The campus of the largest university in the world, the Indira Gandhi National Open University (IGNOU), in southern Delhi, is surprisingly small and modest. A cluster of nondescript, one-story administrative buildings line the drive leading to a brick library, where fans whip the stuffy air and a few students hunch over outdated computers. Further down the road, however, construction workers heave bricks at a building site, and across the Indian countryside, satellite campuses are cropping up.

IGNOU's enrollment has doubled in recent years, to as many as 4 million students, about 10 times the size of America's largest university, the University of Phoenix's online campus. Like American community colleges, admission at an open university is not competitive, but the schools offer a range of programs, including doctoral degrees.

The model tends to be an old-fashioned concept in a digital world: many students take courses through the mail or by listening to radio or television broadcasts. But it may also be part of the answer to India's modern higher-education crisis, which leaders worry could eventually put a crimp in the country's rapid economic growth. "Middle-class students are not getting enough opportunities in the universities or colleges," said Perumalsamy Renga Ramanujam, IGNOU's pro-vice chancellor, explaining the school's rapid growth. "And it goes beyond that. The poor people living in rural areas and slum dwellers, all of them have direct access" to IGNOU courses.

Other open universities are also ballooning in size. Nalanda Open University in Bihar, India's poorest, least-educated state, went from an enrollment of about 1,500 to 40,000 in the past decade.

India's economic growth may be staggering, but population growth has increasingly become a hazard to the country's financial future as it tries to educate a new generation to sustain the progress. India's population is projected to increase by about 25%, or 300 million people, by the year 2026.

A major push by the Indian government for universal K-12 education has made significant headway in districts where once there were no schools at all. Now, as millions of students graduating from high school along with older villagers across the country seek to take part in India's economic progress, the government is struggling to send more of them to college and beyond.

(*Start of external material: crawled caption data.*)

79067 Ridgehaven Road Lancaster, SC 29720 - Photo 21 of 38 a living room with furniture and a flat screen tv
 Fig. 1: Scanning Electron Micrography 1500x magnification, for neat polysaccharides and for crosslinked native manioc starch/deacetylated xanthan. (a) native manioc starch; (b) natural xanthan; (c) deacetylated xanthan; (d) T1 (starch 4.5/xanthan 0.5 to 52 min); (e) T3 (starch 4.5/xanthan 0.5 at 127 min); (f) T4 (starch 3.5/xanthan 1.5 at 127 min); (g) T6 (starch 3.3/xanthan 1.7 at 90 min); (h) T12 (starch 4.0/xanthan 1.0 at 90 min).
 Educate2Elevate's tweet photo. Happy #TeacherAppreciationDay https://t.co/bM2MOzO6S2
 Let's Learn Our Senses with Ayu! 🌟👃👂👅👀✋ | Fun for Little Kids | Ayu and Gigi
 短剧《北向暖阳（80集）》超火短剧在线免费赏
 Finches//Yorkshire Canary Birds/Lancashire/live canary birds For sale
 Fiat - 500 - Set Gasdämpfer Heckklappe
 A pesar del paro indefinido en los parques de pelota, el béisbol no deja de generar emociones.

As India worries about getting more students to college, the Obama Administration has fretted about America's low college graduation rates, and both nations are worried about improving the research and innovation produced by universities. India and America have vowed to work together on improving higher education in the two countries, most recently at a summit last summer attended by Secretary of State Hillary Clinton.

But India's efforts to boost its postsecondary system also represent a potential threat in less than 10 years as the number of college goers in India is expected to increase to 40 million, double the number in the U.S.